En realidad, los delitos de odio se han disparado en el último año (más de un 9 por ciento respecto a 2019) y un caso aislado de denuncia falsa no puede ocultar decenas de ataques homófobos y xenófobos que se perpetran con total impunidad. Si de cada setecientas agresiones una es simulada o fingida, lo que ocurre aquí es que la excepción confirma la regla, por mucho que le pese a Vox. El problema está ahí, eso es evidente, y los chascarrillos y chanzas de la formación ultraderechista sobre este suceso solo contribuirá a banalizarlo. De eso va el discurso populista.
Pero más allá de las implicaciones políticas, resulta absolutamente imprescindible que la profesión periodística haga una profunda reflexión sobre la forma de trabajar que han impuesto las nuevas tecnologías. Ese “periodismo exprés” que consiste en soltar la noticia cuanto antes sin seguir los protocolos profesionales habituales (contrastar con al menos tres fuentes de información), conlleva serios riesgos de error y de abusos que los periodistas no deberíamos permitirnos. Una historia como la del masoquista de Malasaña no hubiese ocurrido jamás en el viejo mundo, en el periodismo tradicional antes de que llegaran las redes sociales y el sector cayera en una crisis galopante. Entre otras cosas porque los periodistas de un medio en papel hubiesen tenido toda la mañana y toda la tarde por delante para estudiar el caso, levantar el teléfono, hacer unas cuantas llamadas, debatir con el consejo de redacción, analizar y valorar los datos, así como los pros y los contras de una noticia tan extraña y de un alcance tan brutal, antes de colocar el titular prudente y mesurado a falta de que se esclareciese el turbio asunto. De esta manera, la noticia del día siguiente en cualquier periódico nacional y regional habría sido algo así como La Policía investiga una supuesta agresión homófoba en Madrid, que era el que tocaba poner por simple ética profesional. Hoy ese titular no sale en ningún medio sencillamente porque no tiene punch y no vende.
Lamentablemente, en la actualidad ya no se trabaja de esa forma artesanal, los periodistas se han visto arrastrados a una especie de vertiginoso corta y pega, unos medios se copian a otros descaradamente y todos quieren estar “bien posicionados” y antes que nadie en el insaciable mercado de Internet. La calidad ha cedido ante la cantidad; la verdad ha claudicado ante el negocio y el beneficio rápido. Esta práctica generalizada cuyo único fin no es proporcionar una información veraz y rigurosa al ciudadano (oyente, espectador o lector) sino aumentar las audiencias e incrementar el tráfico en las páginas web –que es lo que atrae publicidad–, supone un peligroso cáncer para la profesión.
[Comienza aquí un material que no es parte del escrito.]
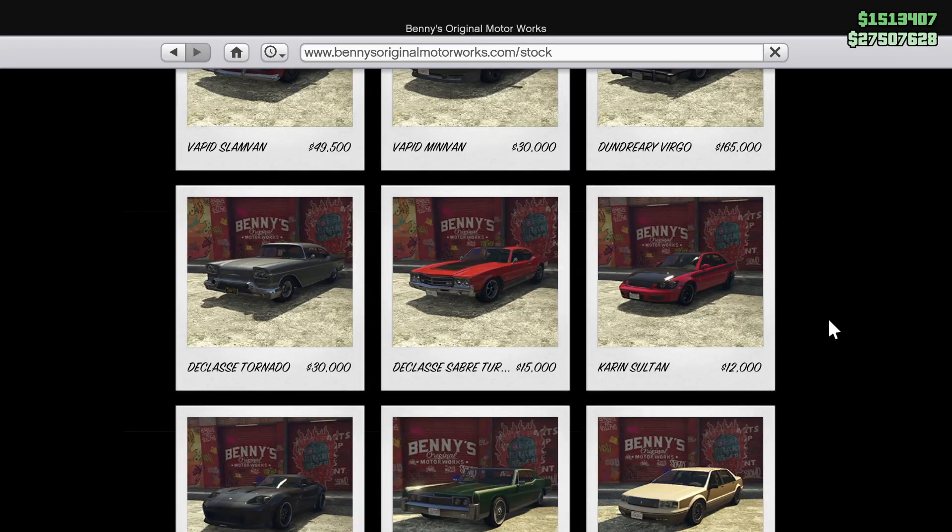If you're looking to grab one, you can buy a Karin Sultan off the Benny's website for $12,000, and then once you take it into the Benny's workshop you can upgrade it for just under $800,000. After adding all the customization your total is probably going to be around 1.2 or 1.3 million dollars, which is really good bang for your buck. I would highly recommend grabbing one — they're beautiful, a pretty consistent drive, they sound really nice, and you can make it completely unique to you.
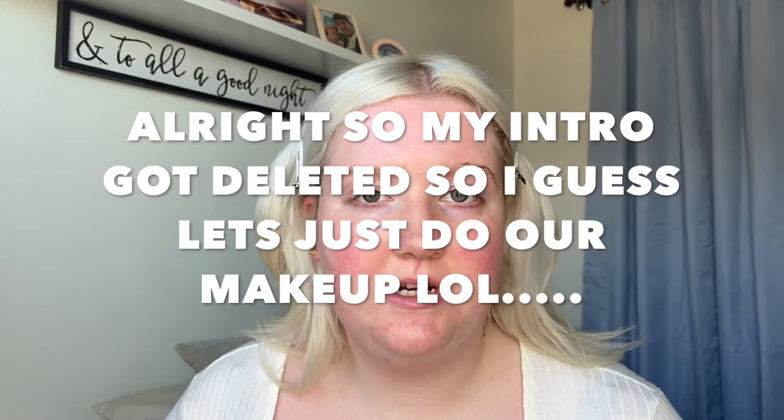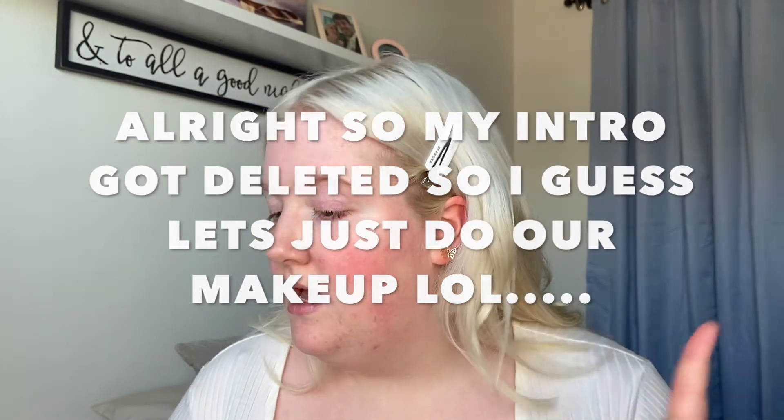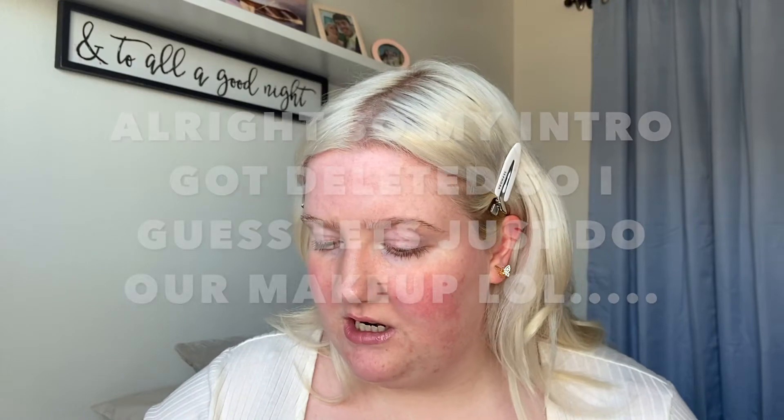I'm going to start with my foundation base and I'm trying a newer product: the Milk Makeup Sunshine Skin Tint with SPF 30. I saw Samantha Ravendahl use this and she's my fave — she could make me buy anything. I wanted to try it because it looked gorgeous when she was using it, and it has SPF which is great.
Y en ese desquiciado carrusel mediático en el que hemos caído todos por influencia de la revolución tecnológica y de las nuevas leyes del mercado periodístico (también el que firma este artículo), lo lógico es que al final acabemos cometiendo errores y montando un circo o un pollo mundial como el caso de ese chico mentiroso al que le falta un hervor y que con su delirio sexual ha conseguido poner patas arriba a todo un país.